Mediocre Humanity…

Photo by Stephen Noulton on Pexels.com

“I think we spend too much time being afraid of our own mediocrity.  We don’t want to sing too loud in case anyone finds out we don’t have a voice like glass.  We don’t write music because we aren’t Mozart, we don’t paint because we aren’t Picasso, we don’t tell people we love them because our voice might shake when we say it.  We try to be pretty criers, we don’t dance because we aren’t that good.  The reality of our humanity is that we are all a little bit average at a lot of things.  The truth is that we are all not that good so stop holding yourself back from enjoying the things that you love because you’re not a prodigy at everything.  Scream the song at the  top of your lungs, and confess your love and let you voice be shaky, cry big ugly tears and dance really badly because life is too short to be scared of being human,” Whitney Hanson. 

As I’ve been talking about the last couple of days, we need to find our own greatness even if we don’t see the immediate result.  We need to be fully who we are because we never know the ripple effect of our actions and how others respond to what we do, what actions we’ve encouraged in others simply by being ourselves. I will say it a million times if I have to—this life isn’t about being perfect.  Perfection is an illusion.  I am not saying settle for mediocrity but I am saying we need to learn to be ok with it as a starting place.  No one begins an expert—we all have to learn.  Even the greats.  Yes, there are levels of innate talent we are born with, but in order to be great and really know who we are and develop ourselves, then we must be ok with being a novice.  We have to be ok with starting.

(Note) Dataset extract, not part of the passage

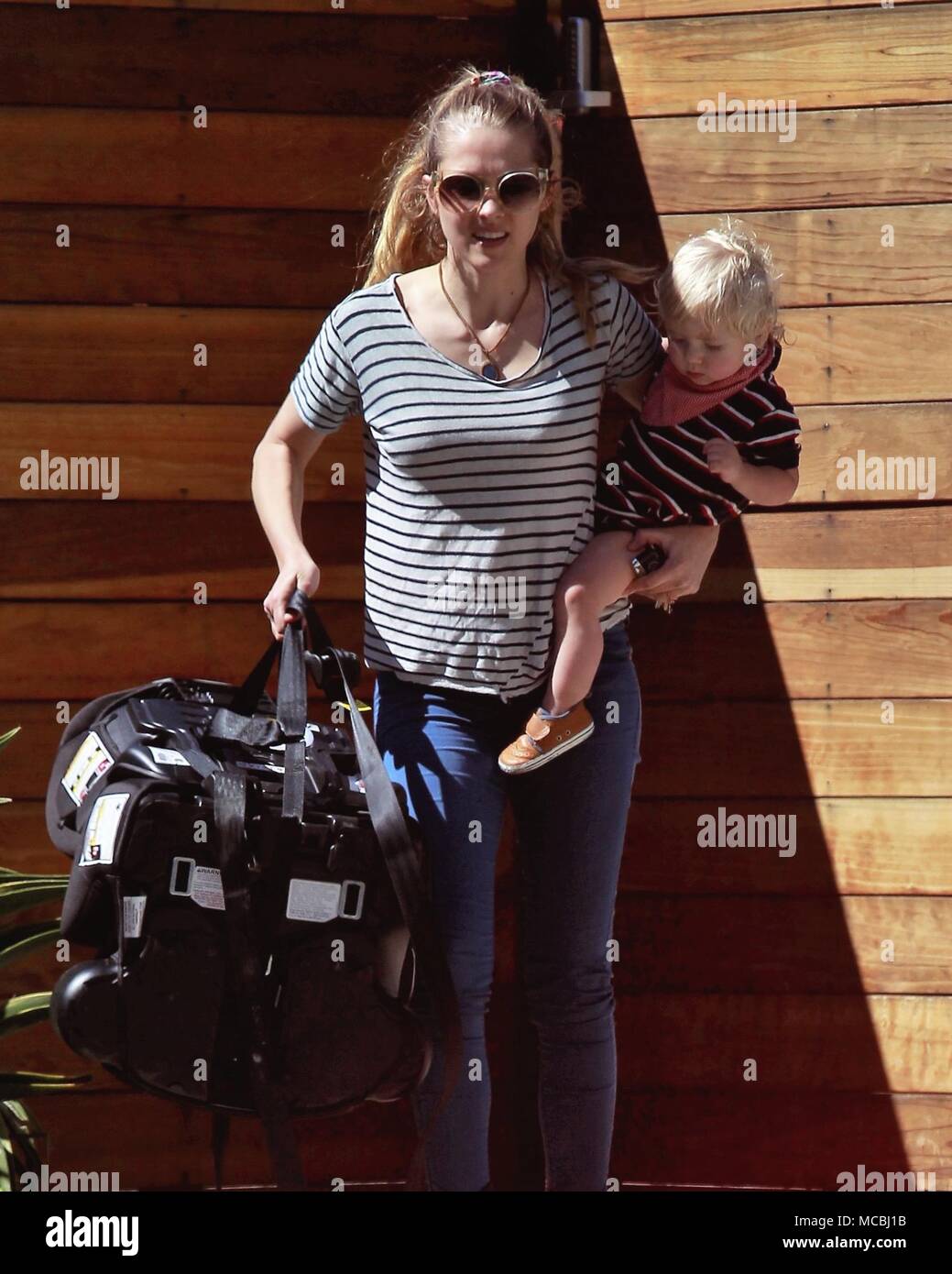 Teresa Palmer takes her children to daycare Featuring Teresa Palmer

Think of all the time we waste wanting to be good enough to show who we are when we simply could have shown who we are and learned the rest along the way.  Think of how many times we would have known the answer or we would have won had we simply gone for it.  Who knows that if we had allowed ourselves the initial experience that we may have learned something more and become the example we thought we were never good enough to be in the first place?  Sometimes we need inspiration and other times we need to remember that we are the inspiration.  Grow, try, fail, learn, and try again.  Mediocre isn’t a bad word.  It isn’t a matter of settling, it’s a matter of understanding and becoming who we are meant to be.  Be that person, that version of ourselves that has the courage to go for it.  Be the person we strive to be—don’t be a copy of someone else’s genius—create our own genius.